2) BYU CS department is worthless.
3) UofU graduates drop off the face of the planet after graduation.
Anyway, you went to the school you went to for whatever reason you had at the time, make the best of it. I am happy with my education.
Heck, I have a DeVry graduate friend that is probably more competent than most on this list, myself included. I mean if even DeVry can produce really good engineers, maybe good engineering has more to do with the individual than with the school.
<disclaimer>If you haven't figured it out yet, there is quite a bit of sarcasm in this post.</disclaimer>
----- Original Message ----
From: Levi Pearson <levi at cold.org>
To: Provo Linux Users Group Mailing List <plug at plug.org>
Sent: Tuesday, February 20, 2007 2:57:55 PM
Subject: Re: UVSC BYU U of U etc was"Software Engineering
Dave Smith <dave at thesmithfam.org> writes:
> When you say that MIT's CS program is grounded in practical
> applications, are you referring specifically to the fact that a
> student can complete the MIT CS program without coding anything except
> Lisp?

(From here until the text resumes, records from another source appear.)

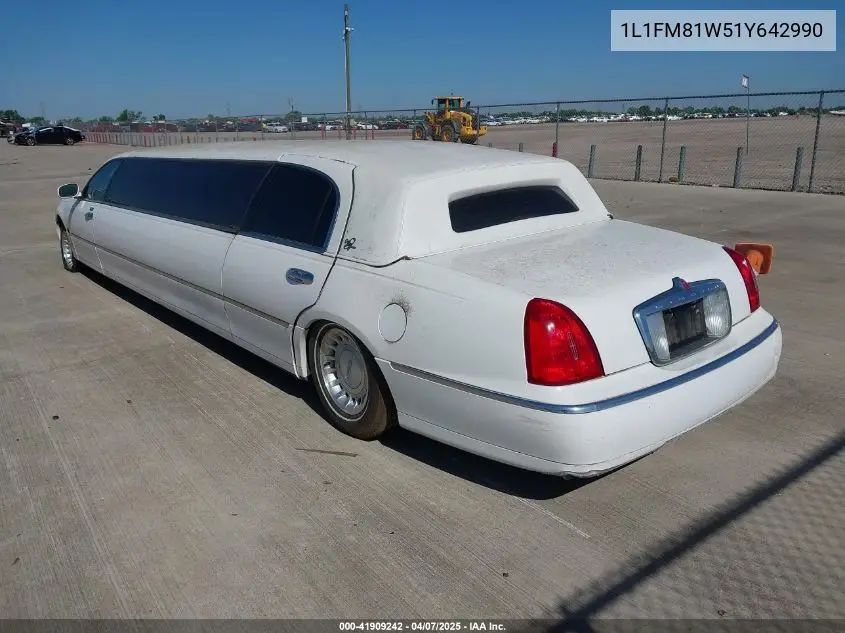2001 Lincoln Town Car Executive VIN: 1L1FM81W51Y642990 Lot: 41909242
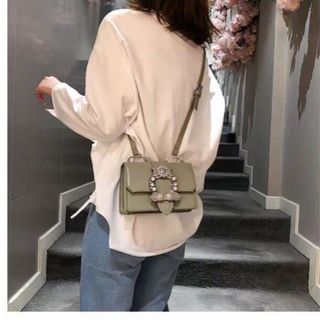 Tui cách đá Ngọc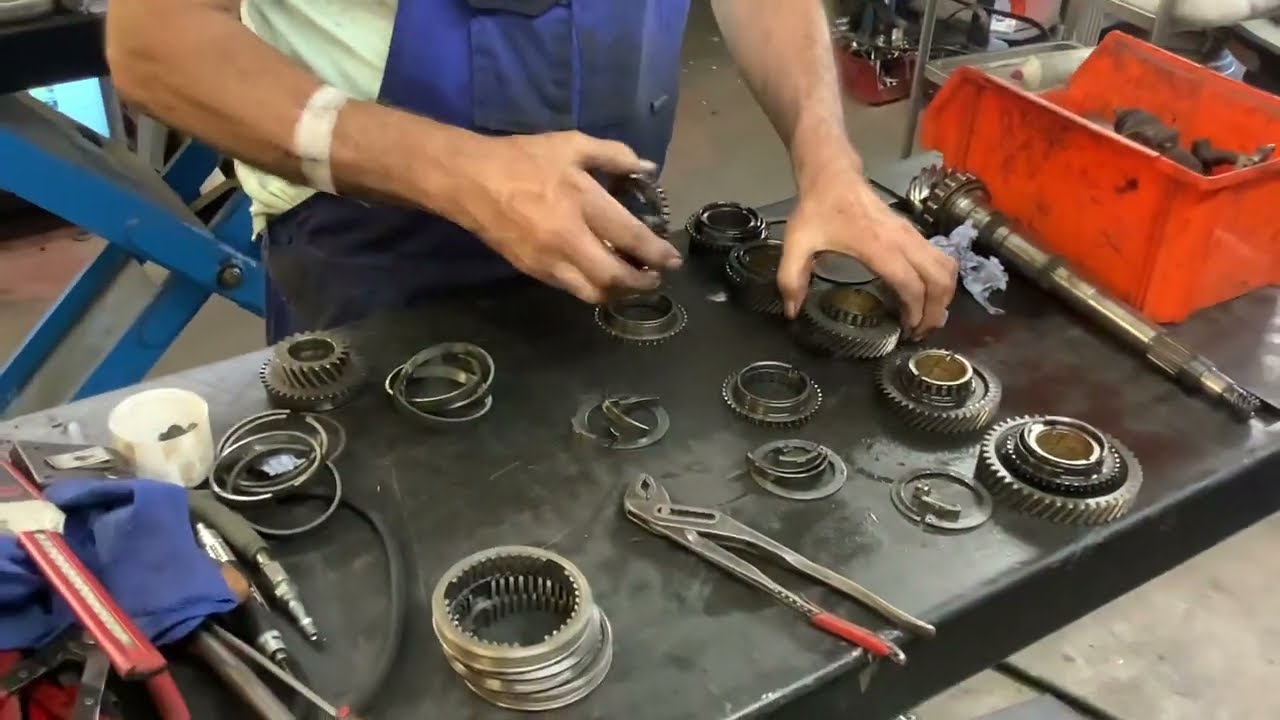 Alfaman Garage - How to overhaul ‘78 Alfetta GTV GearBox on the bench 03
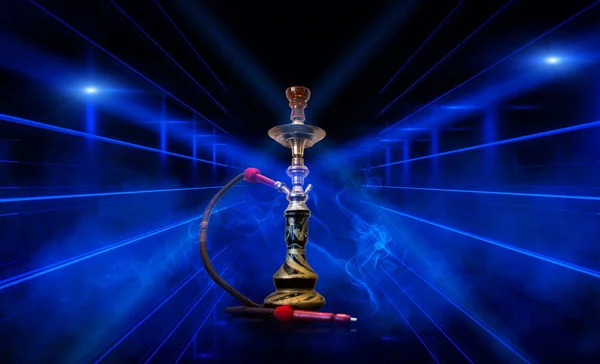 Hookah 在空荡荡的房间的蓝色未来派背景上吸烟, 霓虹灯、烟雾 — 图库照片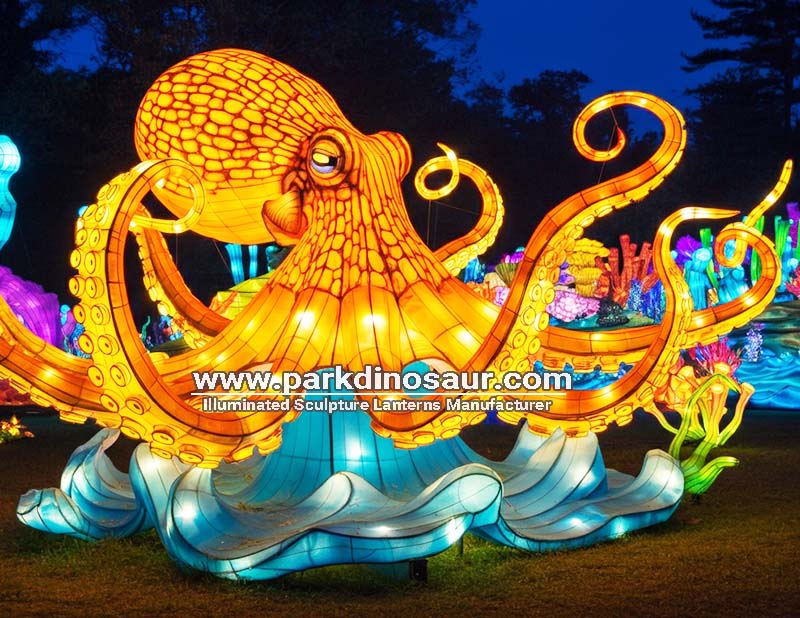 Zwierzę morskie rozświetla latarnię ośmiornicę na wystawie festiwalowej-04.jpg
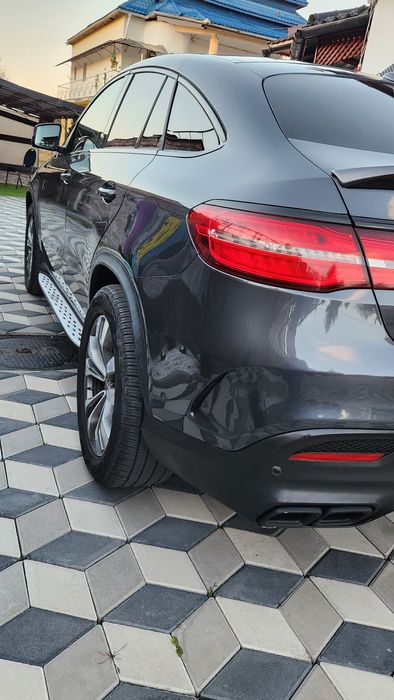 Mercedes cupe AMG  63 pachetul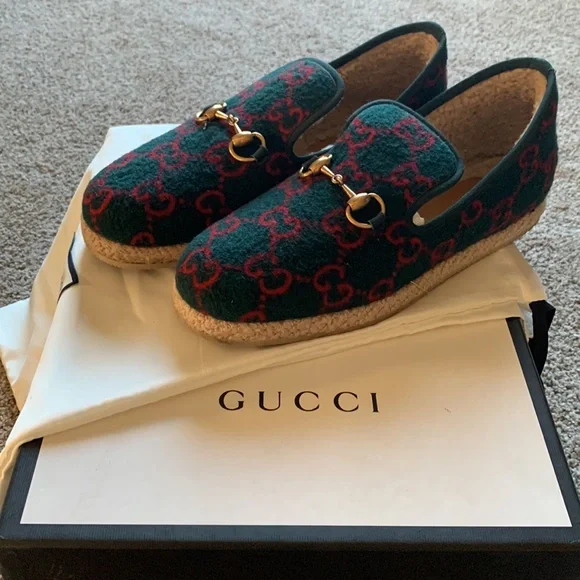 ⭐️HOST PICK!⭐️Authentic Gucci Fria GG Monogram Wool Horsebit Loafers 9 Green Red - Picture 3 of 13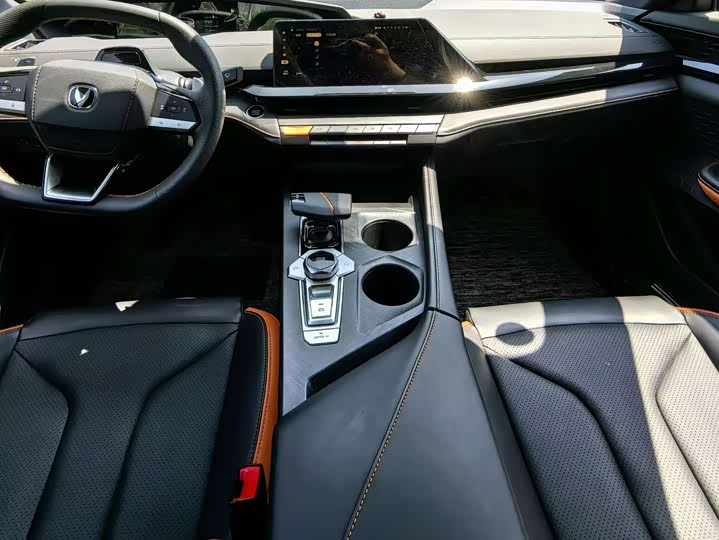 Фото 8 - Changan UNI-V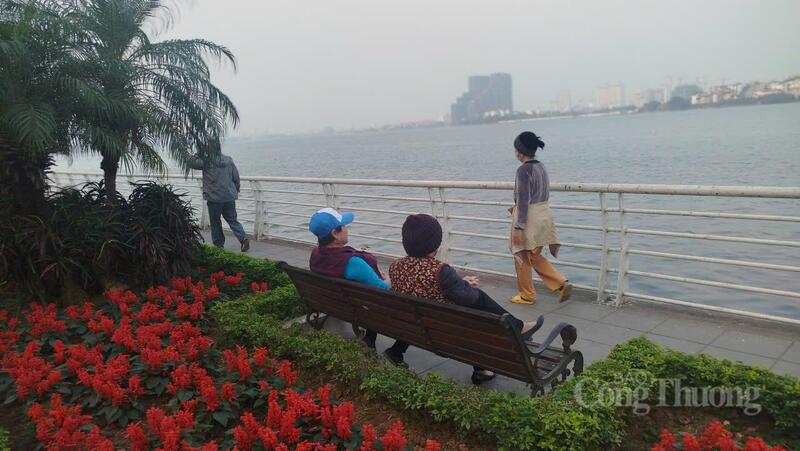 Dự án cũng thực hiện 27 sàn ngắm cảnh xung quanh Hồ Tây.
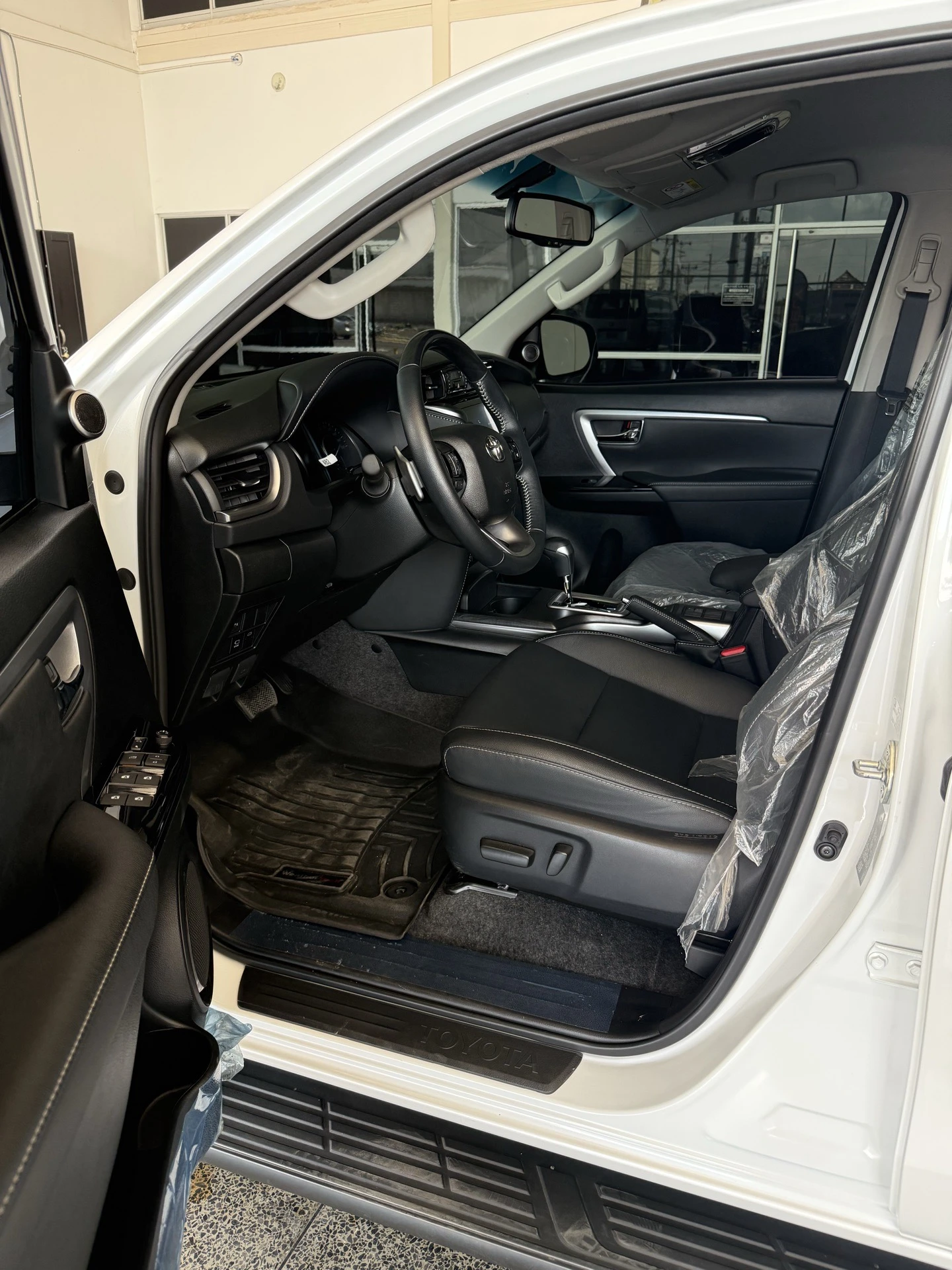 2025 Toyota Fortuner SW4/SRX — foto 6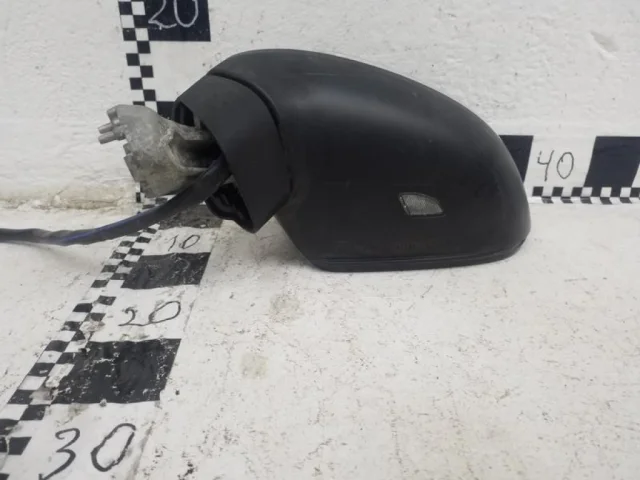 Стекла и зеркала для Volkswagen Passat (B8.5) 2019+ на фотографиях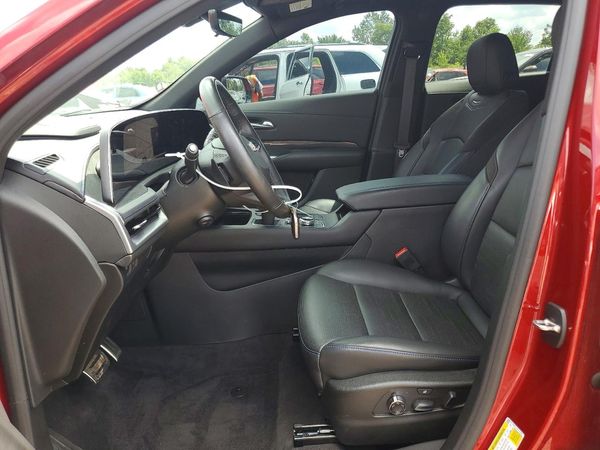 2024 CADILLAC XT4 Sport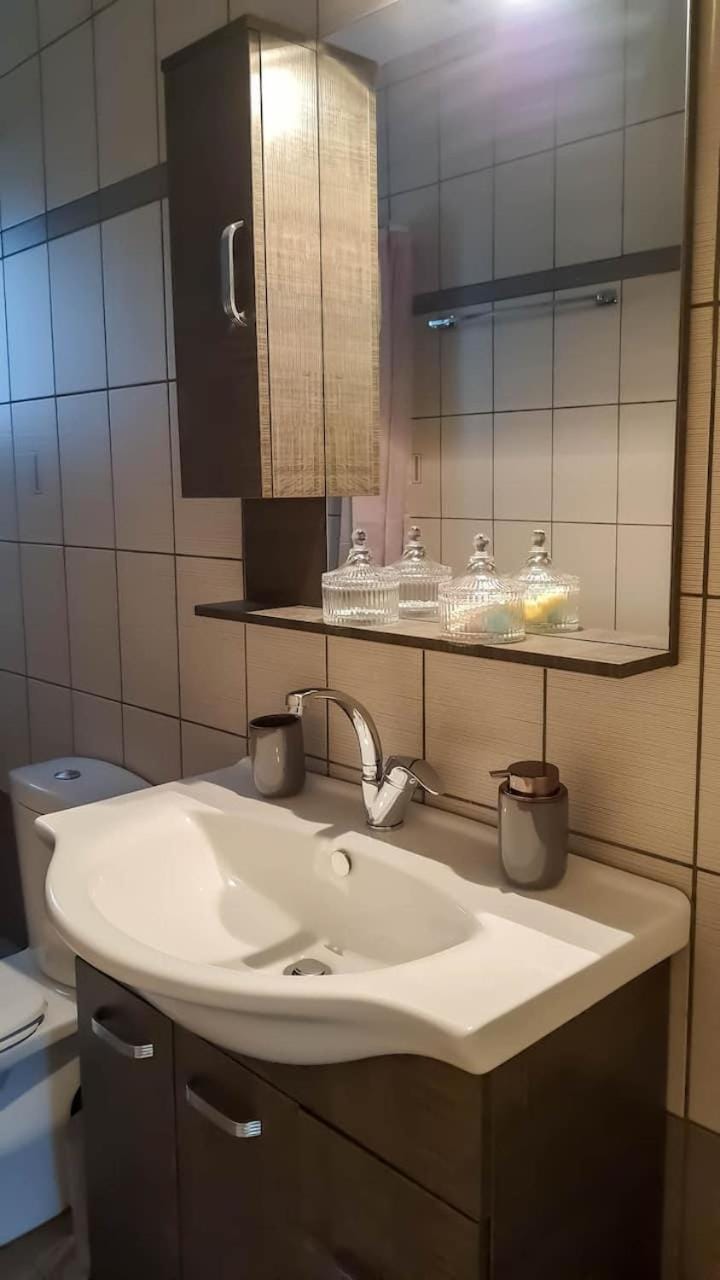Bathroom, towels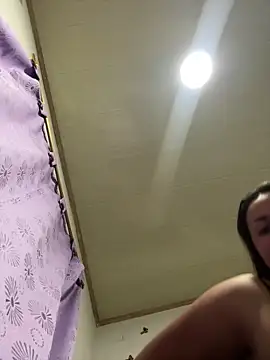 Snapshot of camila-titis chatting on 05/10/26, 01:44 camila-titis online show from 05/10/26, 01:44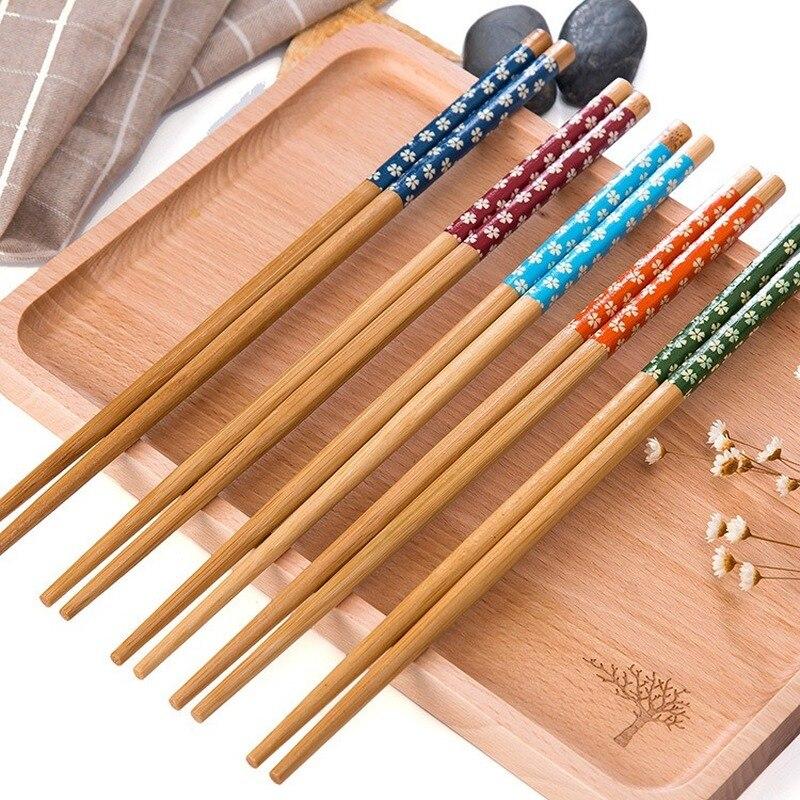 Palillos de madera clásicos chinos reutilizables, palillos de bambú Natural hechos a mano tradicionales, utensilios de cocina para Sushi, 2 pares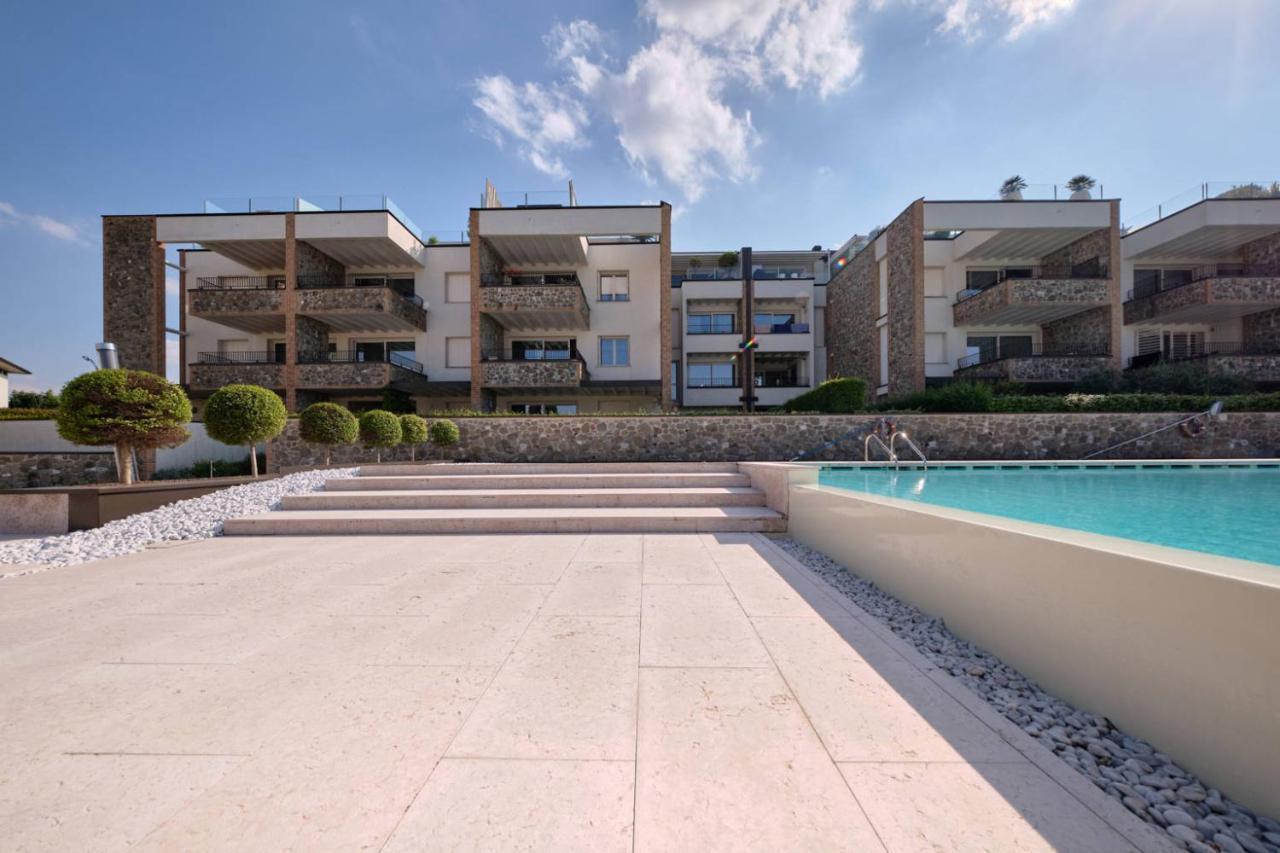 Warda B11 Apartment Desenzano del Garda Buitenkant foto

Because that's what came to my mind. Grounded in practical
> applications? I don't think so. Valuable? Absolutely.
I meant this: http://web.mit.edu/facts/mission.html
"Rogers stressed the pragmatic and practicable. He believed
that professional competence is best fostered by coupling teaching and
research and by focusing attention on real-world problems. Toward this
end, he pioneered the development of the teaching laboratory.
Today MIT is a world-class educational institution. Teaching and
research--with relevance to the practical world as a guiding
principle--continue to be its primary purpose."
What, in particular, do you find impractical about Lisp? Are Lisp
programs not REAL programs? When a Lisp program finds the solution to
a problem, is that solution invalidated by the language? Anyway, I
doubt that you can get through the MIT CS program today without
learning more than Scheme. The intro to programming course will be
switching to Python soon, anyway. Is that practical enough for you?